◆ WHAT YOU NEED TO DO: Pictures aside, repeat the listing below exactly.

DATASET CONTENT START

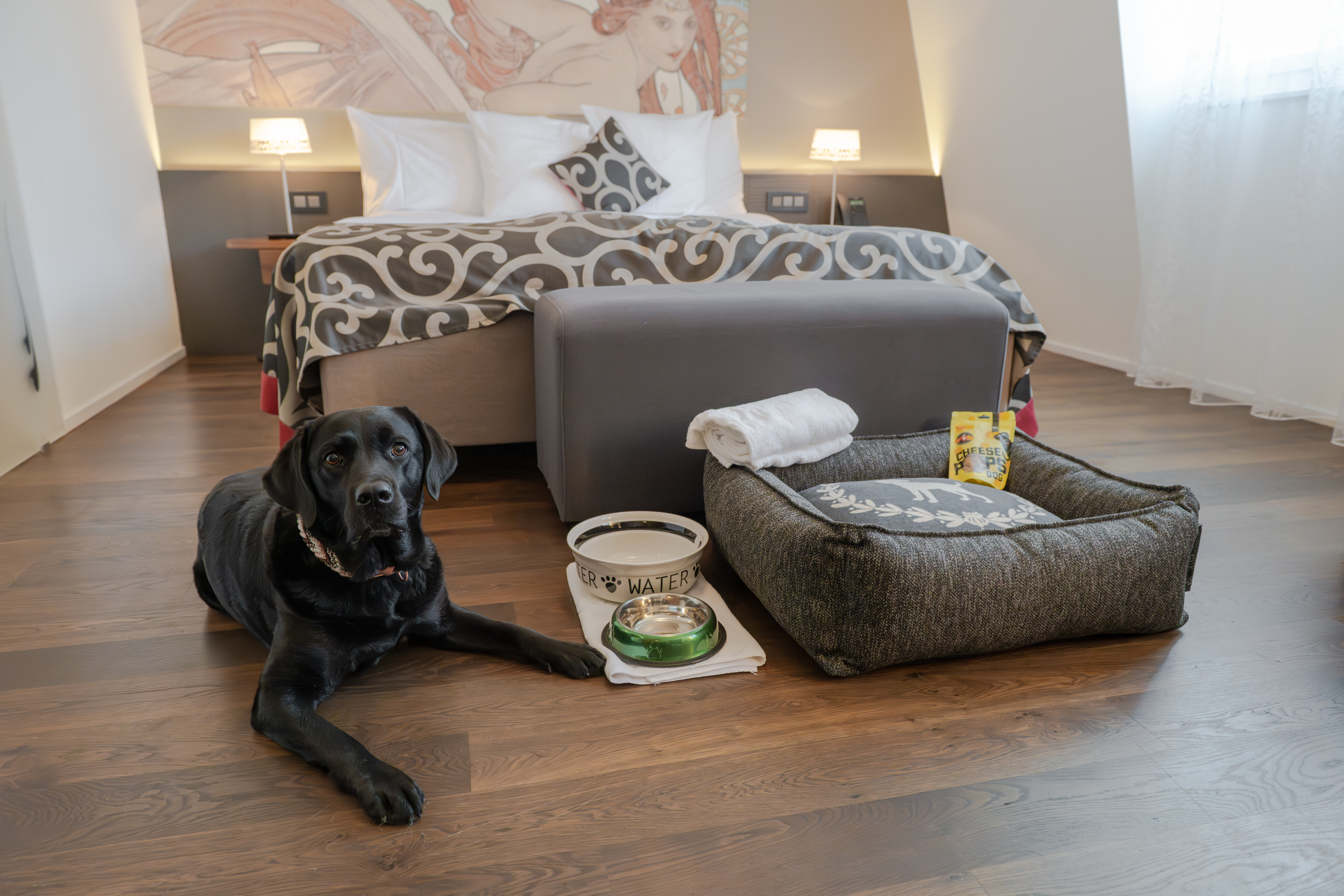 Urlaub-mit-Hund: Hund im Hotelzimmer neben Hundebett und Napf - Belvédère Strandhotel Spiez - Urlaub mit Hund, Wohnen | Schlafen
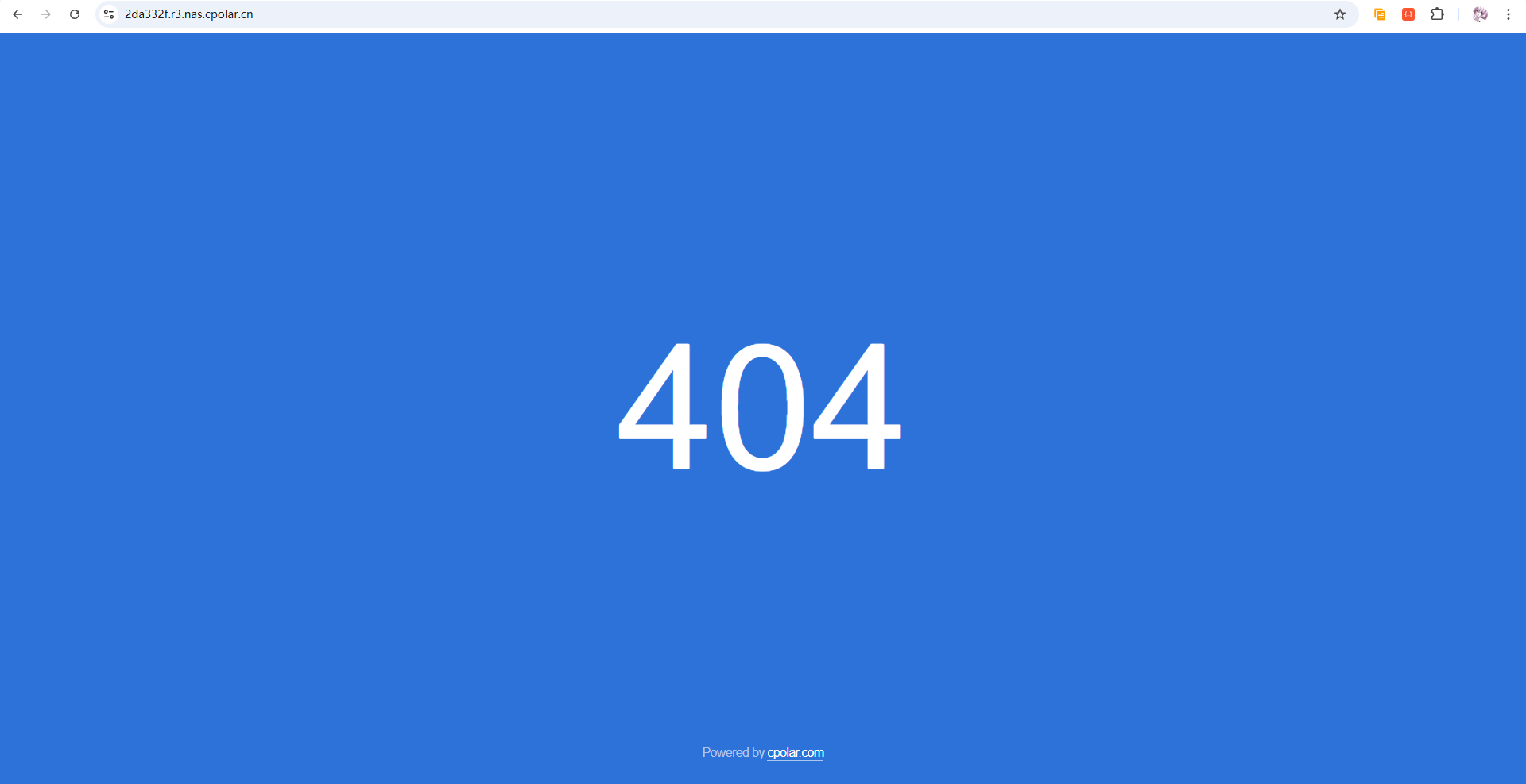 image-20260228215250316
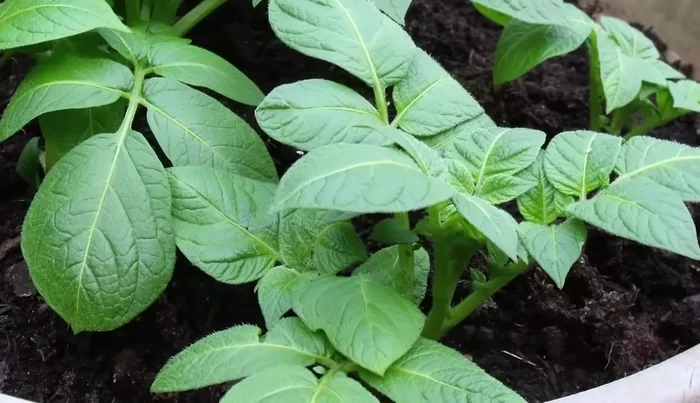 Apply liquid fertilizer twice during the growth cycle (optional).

DATASET CONTENT END

◆ FINISHED TASK:
 Urlaub-mit-Hund: Hund im Hotelzimmer neben Hundebett und Napf - Belvédère Strandhotel Spiez - Urlaub mit Hund, Wohnen | Schlafen
 image-20260228215250316
 Apply liquid fertilizer twice during the growth cycle (optional).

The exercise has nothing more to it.